If past experience is anything to go by, it may be time to short Cisco Systems.
Being admitted to the Dow Jones Industrial Average is the ultimate mark of corporate respectability – and it has added 5 per cent to Cisco’s shares today – but the history of techs in the Dow has not been a cheerful one.
For many years the brain trust at the DJIA turned a cold shoulder to tech. Only IBM was admitted to the club – and even Big Blue only made it through the door after it had been around for close to 70 years.
Then, at the peak of the tech bubble and with the Nasdaq soaring, the guardians of the DJIA suddenly felt the chill wind of mortality at their backs. At the height of the New Economy, an odour of staleness hung over the decidely old-economy Dow. In short order Hewlett-Packard, Microsoft and Intel were hurried into the elite group.

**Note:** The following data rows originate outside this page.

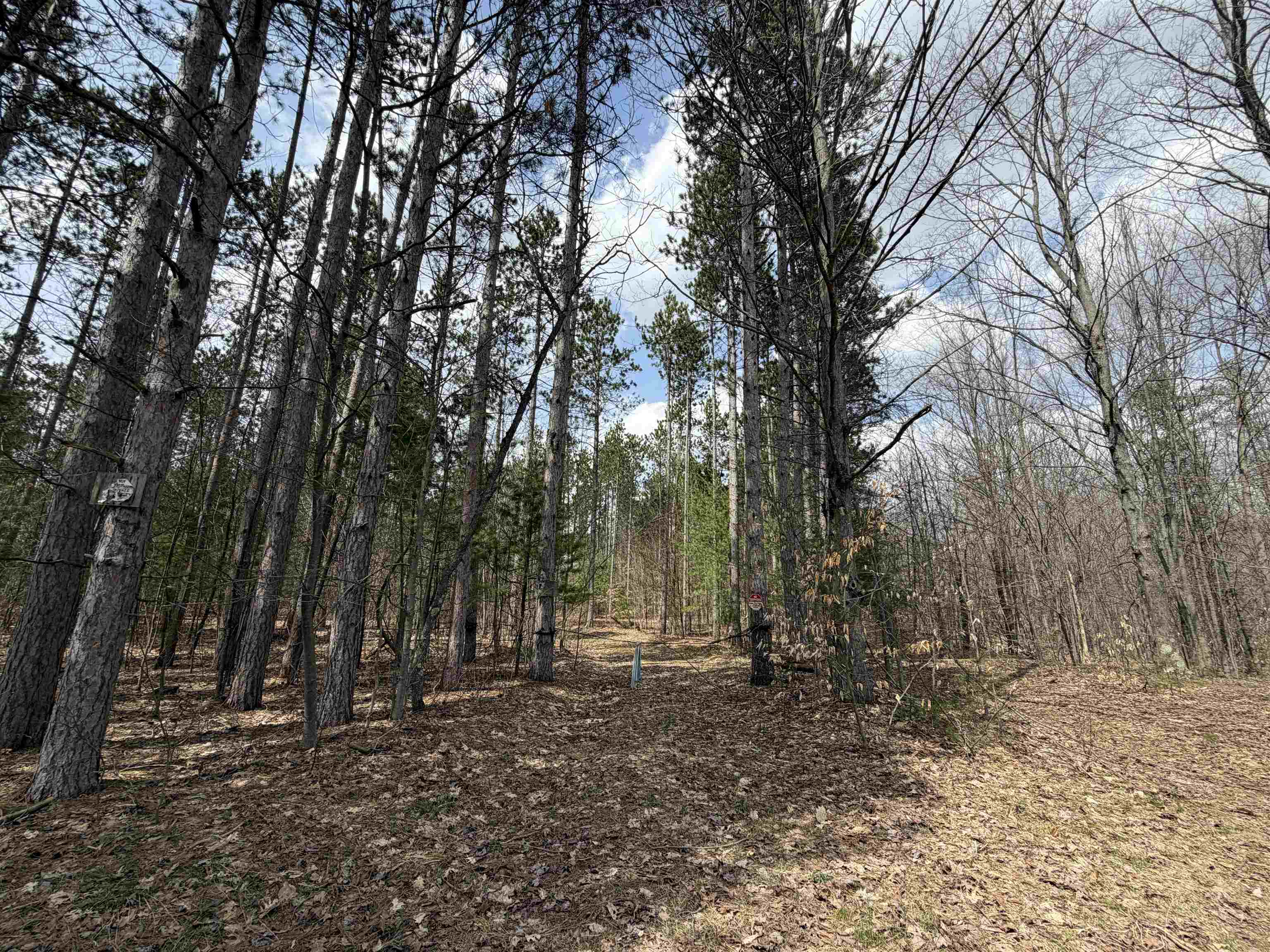 Hoosier Valley Road, Traverse City, MI, 49685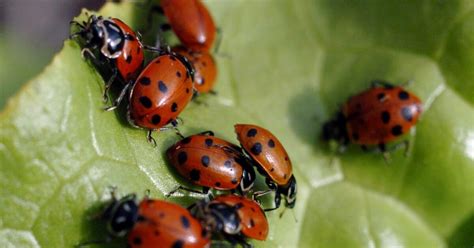 High-flying ladybug swarm shows up on National Weather Service radar - Los Angeles Times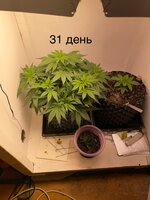 IMG_0587.jpeg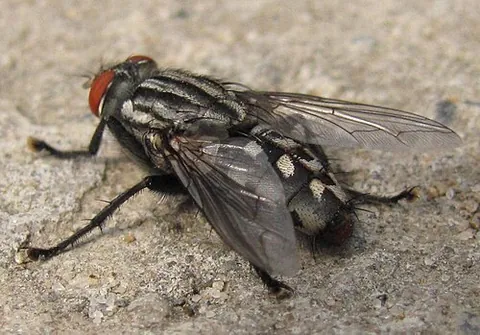 face fly: a fly, Musca autumnalis, that resembles the housefly and is a pest of cattle and horses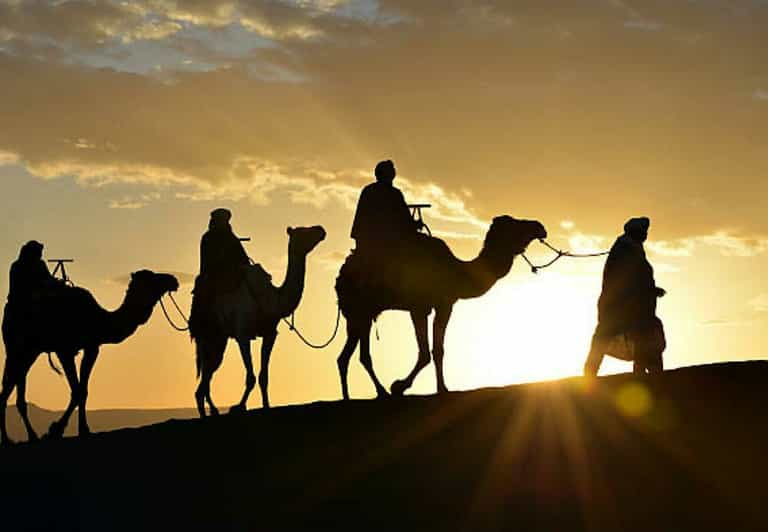 Camel Ride and Flamingo River Tour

Anyone who invested on the back of those moves is still regretting the decision. Shares in Microsoft and Intel are down around 55 per cent from the day they were admitted, while the Dow overall is off only 17 per cent.
At least HP, which has been in two years longer, is up 25 per cent over that long period, roughly in line with the market – though it underperformed disastrously for its first decade in the Dow.
And in its own 30-year Dow career, IBM shares are up nearly five-fold. Not bad, until you consider that the Dow is up more than nine-fold in the same period.
Will throwing out banking (Citigroup) and autos (GM) and taking in more tech end up looking like another one of those fashionable decisions that costs investors dear? At least the committee behind the Dow had the sense not to admit Cisco when it enjoyed a brief spell as the world’s most valuable company in 2000. But John Chambers, Cisco’s expansive CEO, must be hoping that admittance to the corporate elite will not mark the end of his company’s early go-go years.